Safe exploration problem with widely deployed AI assistants
Moreover, we can expect assistants – that are widely deployed and deeply embedded across a range of social contexts – to encounter the safe exploration problem referenced above Amodei et al. (2016). For example, new users may have different requirements that need to be explored, or widespread AI assistants may change the way we live, thus leading to a change in our use cases for them (see Chapters 14 and 15). To learn what to do in these new situations, the assistants may need to take exploratory actions. This could be unsafe, for example a medical AI assistant when encountering a new disease might suggest an exploratory clinical trial that results in long-lasting ill health for participants.
ENTITY
2 - AI
INTENT
2 - Unintentional
TIMING
2 - Post-deployment
Risk ID
mit370
Domain lineage
7. AI System Safety, Failures, & Limitations
7.3 > Lack of capability or robustness
Mitigation strategy
1. Prioritize the implementation of Constrained Optimization in Reinforcement Learning (RL) frameworks to enforce hard, non-violable safety boundaries (e.g., using Constrained Markov Decision Processes or dynamic shielding).
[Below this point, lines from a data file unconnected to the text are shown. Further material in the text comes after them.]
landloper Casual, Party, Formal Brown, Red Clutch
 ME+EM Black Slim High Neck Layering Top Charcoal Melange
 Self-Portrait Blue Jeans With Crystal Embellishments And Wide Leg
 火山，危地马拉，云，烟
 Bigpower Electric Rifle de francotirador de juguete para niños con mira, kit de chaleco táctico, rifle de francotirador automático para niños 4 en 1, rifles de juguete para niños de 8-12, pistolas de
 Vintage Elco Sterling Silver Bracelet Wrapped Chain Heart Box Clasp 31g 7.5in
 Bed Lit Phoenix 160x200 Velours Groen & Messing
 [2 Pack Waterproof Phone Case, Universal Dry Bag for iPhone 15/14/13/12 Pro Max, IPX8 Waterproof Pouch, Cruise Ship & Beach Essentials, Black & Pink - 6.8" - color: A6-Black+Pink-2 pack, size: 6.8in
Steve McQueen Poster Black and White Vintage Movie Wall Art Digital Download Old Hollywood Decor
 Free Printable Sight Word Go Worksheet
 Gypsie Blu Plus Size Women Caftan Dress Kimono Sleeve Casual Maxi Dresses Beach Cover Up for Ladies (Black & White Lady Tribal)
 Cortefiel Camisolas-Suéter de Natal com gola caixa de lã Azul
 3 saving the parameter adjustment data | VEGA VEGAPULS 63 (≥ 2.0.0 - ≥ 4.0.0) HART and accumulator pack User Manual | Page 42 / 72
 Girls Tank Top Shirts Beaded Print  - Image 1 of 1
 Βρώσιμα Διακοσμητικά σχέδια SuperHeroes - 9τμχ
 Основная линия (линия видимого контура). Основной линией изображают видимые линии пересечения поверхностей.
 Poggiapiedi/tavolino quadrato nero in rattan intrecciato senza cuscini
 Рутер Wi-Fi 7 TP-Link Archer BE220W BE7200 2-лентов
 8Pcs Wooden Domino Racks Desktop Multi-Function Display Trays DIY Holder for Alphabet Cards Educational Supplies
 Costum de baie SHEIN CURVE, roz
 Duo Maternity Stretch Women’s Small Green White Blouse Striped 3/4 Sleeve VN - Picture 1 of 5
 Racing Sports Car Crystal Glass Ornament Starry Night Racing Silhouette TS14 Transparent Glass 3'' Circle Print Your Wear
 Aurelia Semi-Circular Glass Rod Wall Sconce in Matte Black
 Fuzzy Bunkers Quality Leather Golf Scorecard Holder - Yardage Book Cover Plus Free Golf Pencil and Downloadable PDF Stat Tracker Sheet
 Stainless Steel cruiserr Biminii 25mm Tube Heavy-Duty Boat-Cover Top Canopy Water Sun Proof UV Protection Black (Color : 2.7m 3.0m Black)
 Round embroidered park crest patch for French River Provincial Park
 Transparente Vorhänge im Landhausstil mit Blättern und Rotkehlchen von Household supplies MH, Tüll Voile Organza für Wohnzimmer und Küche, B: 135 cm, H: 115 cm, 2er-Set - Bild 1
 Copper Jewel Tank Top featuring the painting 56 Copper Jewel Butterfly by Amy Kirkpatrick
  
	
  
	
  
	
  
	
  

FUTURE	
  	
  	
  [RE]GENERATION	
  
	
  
This guarantees that exploratory actions, particularly in safety-critical domains, remain within a predefined safe state-space, preventing catastrophic unintended outcomes. 2. Establish a continuous Human-in-the-Loop (HIL) oversight mechanism with high-fidelity auditing capabilities. This requires deploying AI monitors to flag suspicious or high-uncertainty exploratory actions for human review and validation, enabling timely intervention to override or correct potentially unsafe agent behavior in real-time or near-real-time. 3. Integrate Bayesian and Risk-Sensitive RL techniques to explicitly quantify and incorporate action uncertainty and potential negative consequences into the decision-making process. This encourages "smarter" exploration by incentivizing the agent to favor exploratory actions with high informational value but minimal predicted risk, thereby improving the efficiency and safety of the learning trajectory.